Jack Derwin: Thanks so much, Zvi. So we’ll now turn to audience Q&A, as you alluded to. I’ll remind our audience you could submit questions using the Q&A button at the bottom right of your window. I guess I’ll kick us off with one of my own here. You mentioned you don’t -- you’re stopping short of a firm prediction of how the court might rule, but do you see the Court taking this opportunity to make it a lasting ruling regarding fair use and maybe waiting a while again before taking a similar case? Or do you think it might be a more marginal change here?


Zvi Rosen:  You know, it sort of depends, I think, just how much the Court wants to get into this. I will note, as I mentioned, there was a lot of discussion that other factors were not fully briefed, and so I don’t know if that’s going to be a factor in whether or not they are going to be issuing a more big decision or a more limited decision. It was a little surprising, frankly, to have two IP decision -- two fair use cases in two years. Google v. Oracle was just last year, although it was technically granted the year before. I tend to think, though, that this is going to be the last big decision for a while on fair use, just like the last one was. And I think the Court’s going to clarify what it meant by transformative use in the 90s, and hopefully, that’ll be something courts can use going forward.


Jack Derwin:  Okay. Once again, our audience, you could submit questions using the Q&A button at the bottom right. And while we wait for questions to come in, I guess I’ll use my moderator’s prerogative to ask one more. Do you see this case breaking along typical ideological lines at all, or do you think, given the more esoteric nuance nature of the issues, it might be a little unpredictable?


Zvi Rosen:  I think they’ll be unpredictable. I think that the Court just lost its two major combatants in copyright cases. Some of you might know that Justice Breyer, in 1970, wrote his Harvard tenure piece on copyright, and -- “The Uneasy Case for Copyright,” I believe. And Justice Ginsberg, on the other hand, was the most vocal defender of copyright law, and they often found themselves at odds. For instance, Golan v. Holder and in other cases—Eldred v. Ashcroft, as well. Those are both about the constitutionality of copyright term extensions and copyright restoration. I don’t think this is going to break on ideological grounds. I remember in Golan v. Holder, I was a little surprised to see the unusual pairing of Justice Breyer and Justice Alito in dissent, but I don’t necessarily see that changing. There’s just a lot of open questions, to be honest.


      There were two new justices on -- who I’d never seen live—of course, Justice Barrett and Justice Jackson. I don’t know. Yeah. But I’d be very surprised at an ideological break. I do think [inaudible 23:54], though, there is a more, you might call, flexible Breyer-type interpretation that looks at ideas of fair use and having lots of new artwork created in public discourse, versus a more textualist view that’s going to say, “Well, it says transformative for derivative works.” But I think we’re -- we’ll see what happens.

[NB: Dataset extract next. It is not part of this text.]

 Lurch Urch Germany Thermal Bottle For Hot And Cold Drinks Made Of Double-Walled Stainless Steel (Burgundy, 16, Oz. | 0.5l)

Jack Derwin:  All right. So we have a few questions now. One person is wondering, “What about the fair use case from 1968 involving the Zapruder film?


Zvi Rosen:  Oh, man. I’ll admit, I haven’t read that before -- actually, I think Brian Frye has written a cool piece about that. That’s a really -- okay, so I haven’t read that case. It is protected by copyright law. I tend to -- I mean, the Zapruder film is such a sui generis piece of Americana, right? It depicts something totally unique in American history, and I tend to think that this -- I think that this is probably not going to severely disturb that. That also predates the enactment of the ‘76 act, with its fair use factors. So I think it's a fascinating case, but I don’t think [inaudible 25:18] this case doesn’t give that much to it, per se. And the [inaudible 25:20] definitely is worth reading again -- reading Brian Frye’s article about it.

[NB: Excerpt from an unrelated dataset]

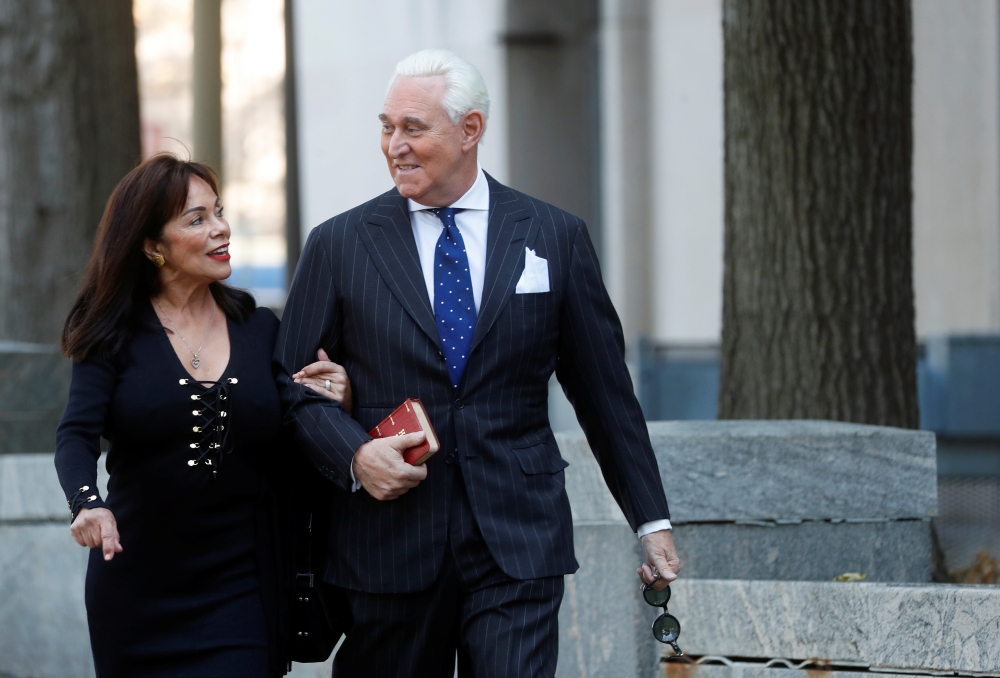 Roger Stone, former campaign adviser to U.S. President Donald Trump, arrives with his wife Nydia for the continuation of his criminal trial on charges of lying to Congress, obstructing justice and witness tampering at U.S. District Court in Washington, U.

Jack Derwin:  All right. We have a question here. Justice Jackson stated a view that the Warhol side was applying the term “purpose” too broadly. Isn’t she right? If judges inquire into artistic purpose, doesn’t that invite judges to break Justice Holmes’s admonition that judges should not be the arbiter of artistic merit?


Zvi Rosen:  Yeah. Well, so, that’s absolutely right. I’m trying to be even-handed here, and that’s, obviously -- if you say that you’re deciding how you’re going to rule. But yeah, of course, right. And de facto, even on top of all of these  decisions where judges say, “Oh, this is transformative, therefore it’s fair use --” what does transformative mean? Frankly, you get into a line that says, “I know it when I see it.” That’s all it really is. “Oh, this comments.” “Well, this a new meaning or message, that isn’t.” “How do you know?” “Well, I just know.” And it’s absolutely right. You’re making the judge -- you’re almost asking, “Judge, do you like this or not.” It’s completely gray. I think it’s a terrible standard.

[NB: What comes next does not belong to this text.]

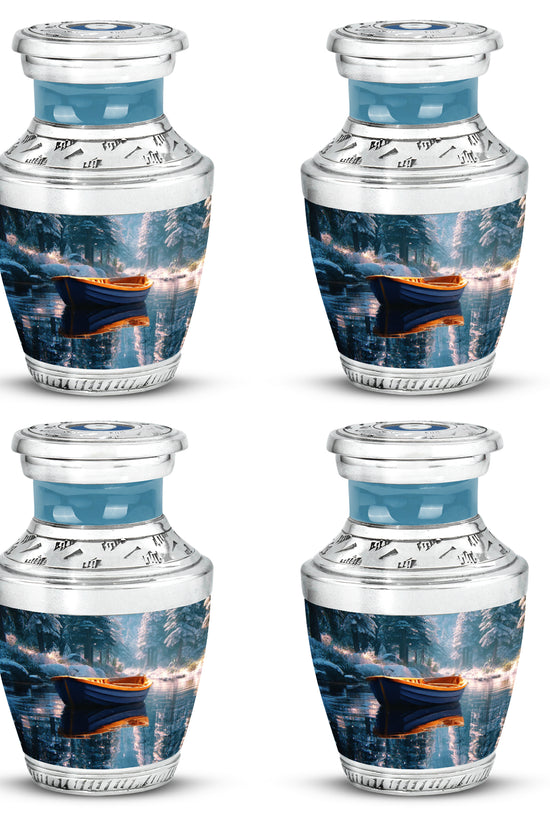Vivid Teal Boat Cremation Urn back view with polished surface - artistic boat interpretation with creative detail - 10 inch aluminum urn for cremated remains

      I think the Court in Campbell -- well, the Court in Campbell was -- well, Campbell, I think had been widely overread. I think Campbell, if you read it, it tries to do a detailed balancing to cover parody, which is not covered by the four factors. But everyone agrees that parody is fair use and then -- the Campbell decision was then read to just be about meaning or message. But Justice Souter does a much more -- much more careful balancing in that case. And I do think we’re going to see the end of just meaning or message on the [inaudible 27:00]. We’re going to see the Supreme Court saying, “No, we have the whole –” it’s sort of like I tell law students, “Read the whole opinion, not just the one-line summary.”


Jack Derwin:  All right, we have a question here about how -- whatever rule does come out of this case, do you see any issues in how it might be applied to different art forms or -- yeah, do you see any issues with jurists applying across different types of media?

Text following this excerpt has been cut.